Sixty-four years ago the founding fathers of the People’s Republic of China stood atop the Gate of Heavenly Peace in Beijing and told the rest of the world they were starting a “new China.” It took the United States government thirty years to recognize it. And the U.S. still does not see China as it claims to be. One dedicated coterie of official U.S. China watchers habitually expects its imminent collapse. Another views it as a rising power that will upend the established international order. Both create the impression China is constantly on the precipice of momentous change. Neither rings true.
This year, China’s newly installed leaders celebrated their first national day at the helm with bland words and pro-forma deeds that will probably pass unnoticed. They don’t look or sound like revolutionaries, reactionaries or revanchists, but like somnambulant defenders of the status quo. Some U.S. observers think they’re playing possum, but China’s leaders talk the same way at home as they do abroad.

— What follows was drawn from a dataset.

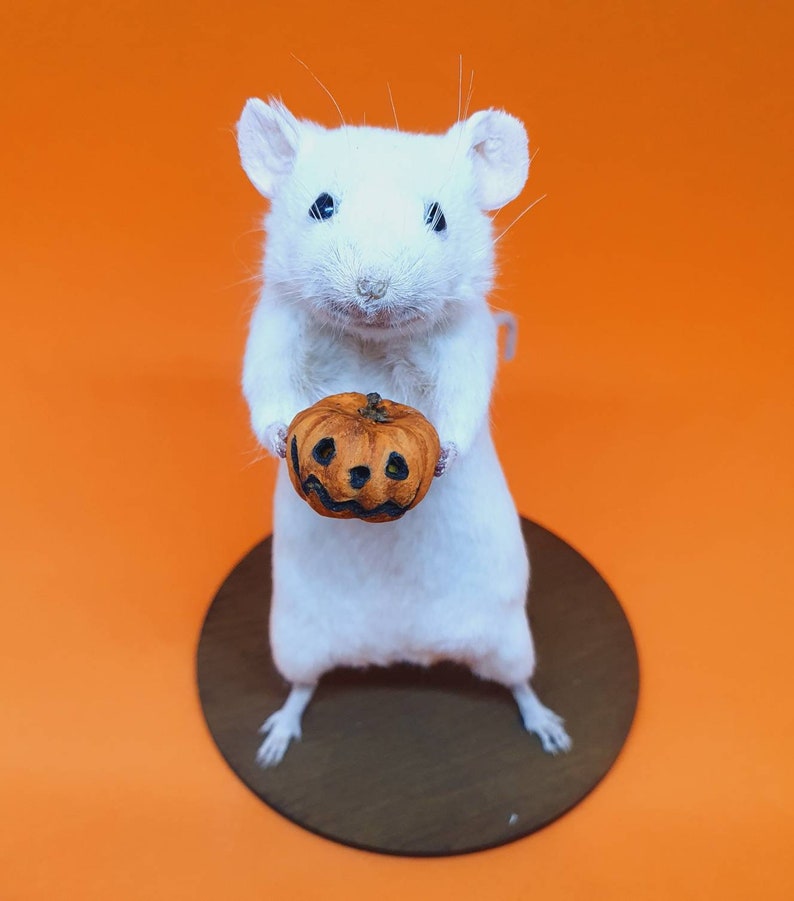 Pumpkin Taxidermy Mouse Halloween, jack o lantern, trick or treat, oddities, curio, curiosities, goth, gothic, spooky image 5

President and General Secretary Xi Jinping cemented this impression in the minds of China’s governing elite at a recently convened meeting of the Politburo by chiseling the well-worn slogans of his predecessor, Hu Jintao, into the proverbial stone tablets of Chinese Communist Party (CCP) doctrine. “Scientific Development” (科学发展观) now lies beneath Jiang Zemin’s “Three Represents” (三个代表), “Deng Xiaoping Theory” (邓小平理论) “Mao Zedong Thought” (毛泽东思想) and “Marxism-Leninism” (马克色列宁主义) on the slowly growing list of the “guiding thoughts” of Chinese communism. U.S. observers who expect Xi to change China are likely to be disappointed. Enshrining his predecessor’s language in the party dogma suggests that any changes that might emerge during Xi’s tenure will be conceived as incremental improvements on past successes, not dramatic repudiations of past failures.
Premier Li Keqiang’s National Day address sends the same message. China’s goal remains the creation of a “moderately prosperous society” by mid century. Not exactly the language of an ambitious rising power. China’s status in the world does not figure prominently in Li’s remarks. He expresses concern about “complexity” in the international environment, but he also extends the boring reassurance that China will respond by “seeking progress in stability, achievement in stability” （稳中求进，稳中有为). The CCP appears to aim to make the existing order more efficient, not to change it. Rather than stirring nationalist sentiment on China’s most important national holiday, Li made a concerted effort to communicate a quiet confidence in staying the course.
Foreign Minister Wang Yi’s address to the United Nations raises questions about U.S. China watchers who argue the CCP is revanchist. His address may be entitled China at a New Starting Point, but it offers a stark repudiation of those who portray the regime as aggrieved and in search of redress. Wang meticulously repeats decades-old themes in the language of Chinese foreign policy including equality, mutual respect, mutual benefit, sustainable development and respect for international institutions, especially the United Nations. While U.S. observers may find cause to doubt the sincerity of Chinese rhetoric, there is no doubt the rhetoric remains unchanged.
Being responsible for the health and well-being of a fifth of humanity is no small challenge, but the children of China’s communist founding fathers govern a country that is more economically successful, politically stable and militarily secure than it has been since the Qing Dynasty was defeated by the British Empire in the first Opium War (1839-1842). The status quo could be better, but compared to the lives of the last six generations, contemporary Chinese are doing rather well. U.S. observers might want to consider giving greater credence to the cautious rhetoric of Chinese leaders who claim to prefer stability over change.